Because a single conversation can be interpreted in very different ways, some researchers are looking for a tech-enabled solution to interpret the tone of our words and body language.
These researchers stem from MIT's Computer Science and Artificial Intelligence Laboratory (CSAIL) and Institute of Medical Engineering and Science (IMES) who say they've gotten closer to a potential solution: an artificially intelligent, wearable system that can predict if a conversation is happy, sad, or neutral based on a person's speech patterns and vitals. This sort of technology could be especially useful for people with anxiety or conditions such as Asperger's.
"Imagine if, at the end of a conversation, you could rewind it and see the moments when the people around you felt the most anxious," Tuka Alhanai, a graduate student who co-authored a related paper with PhD candidate Mohammad Ghassemi that they will present at next week's Association for the Advancement of Artificial Intelligence (AAAI) conference in San Francisco, said in a statement. "Our work is a step in this direction, suggesting that we may not be that far away from a world where people can have an AI social coach right in their pocket."
As a participant tells a story, the system can analyze audio, text transcriptions, and physiological signals to determine the overall tone of the story with 83 percent accuracy. Using deep-learning techniques, the system can also provide a "sentiment score" for specific five-second intervals within a conversation.
"As far as we know, this is the first experiment that collects both physical data and speech data in a passive but robust way, even while subjects are having natural, unstructured interactions," Ghassemi added. "Our results show that it's possible to classify the emotional tone of conversations in real-time."

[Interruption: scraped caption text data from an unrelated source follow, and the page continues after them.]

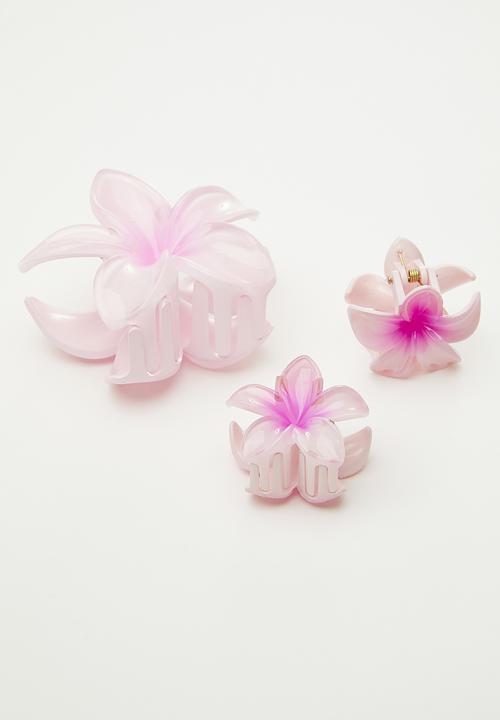 Pop Candy - Frangipani flower hair clip set - pink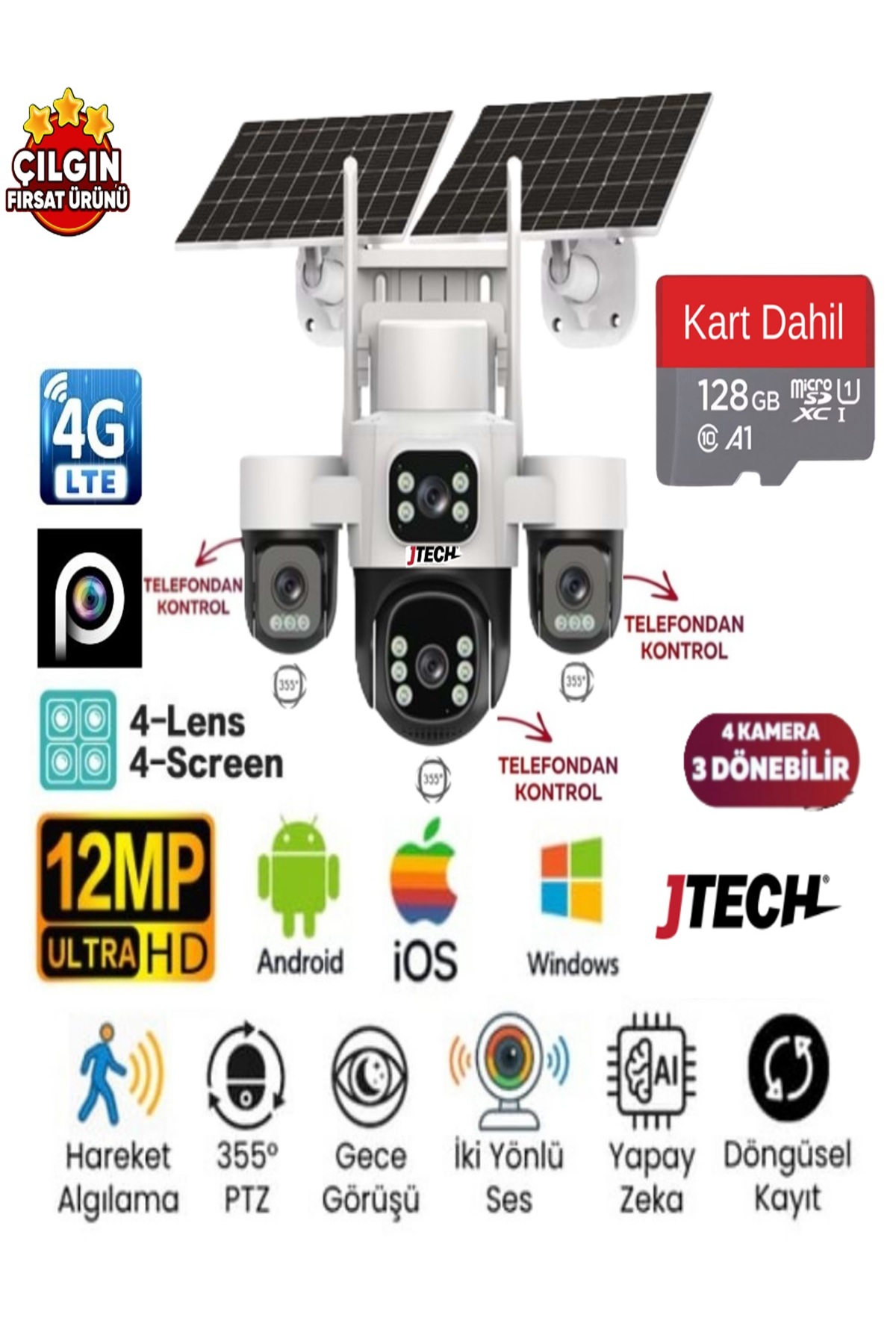 jtech Inox X24 3mp+3mp+3mp+3mp 12MP Aov e-Sim 4g 2xSolar Panelli 4 Kameralı 3 Ptz Akıllı Kamera - Fiyatı, Yorumları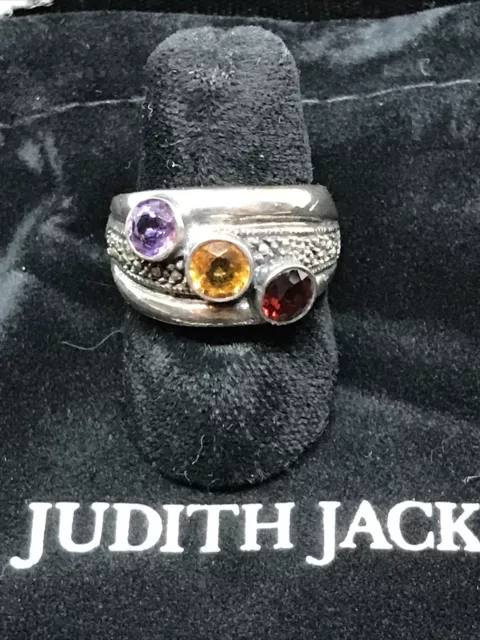 Vintage Judith Jack Sterling Silver Marcasite- Amethyst, Garnet & Topaz Ring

The researchers say that the system's performance would be further improved by having multiple people in a conversation use it on their smartwatches, creating more data to be analyzed by their algorithms. This, however, doesn't mean the software will record every word users say — the algorithm runs locally on a user's device as a way of protecting personal information.
The prototype device is based on a Samsung Simband which is able to capture high-resolution physiological waveforms to measure features such as movement, heart rate, blood pressure, blood flow, and skin temperature. The system also captured audio data and text transcripts to analyze the speaker's tone, pitch, energy, and vocabulary.
And the initial results are promising, with the algorithm's findings aligning well with what we humans might expect to observe. For instance, long pauses and monotonous vocal tones were associated with sadder stories, while more energetic, varied speech patterns were associated with happier ones. In terms of body language, sadder stories were also strongly associated with increased fidgeting and cardiovascular activity, as well as certain postures like putting one's hands on one's face.
Overall, the model was able to classify the mood of each five-second interval with an accuracy that was approximately 18 percent above chance, and a full 7.5 percent better than existing approaches.
There's still work ahead before the algorithm is reliable enough to be deployed for social coaching. For future work the team plans to collect data on a much larger scale, potentially using commercial devices such as the Apple Watch that would allow them to more easily implement the system out in the world.
"Our next step is to improve the algorithm's emotional granularity so that it is more accurate at calling out boring, tense, and excited moments, rather than just labeling interactions as ‘positive' or ‘negative,'" Alhanai added. "Developing technology that can take the pulse of human emotions has the potential to dramatically improve how we communicate with each other."
This research was made possible in part by the Samsung Strategy and Innovation Center.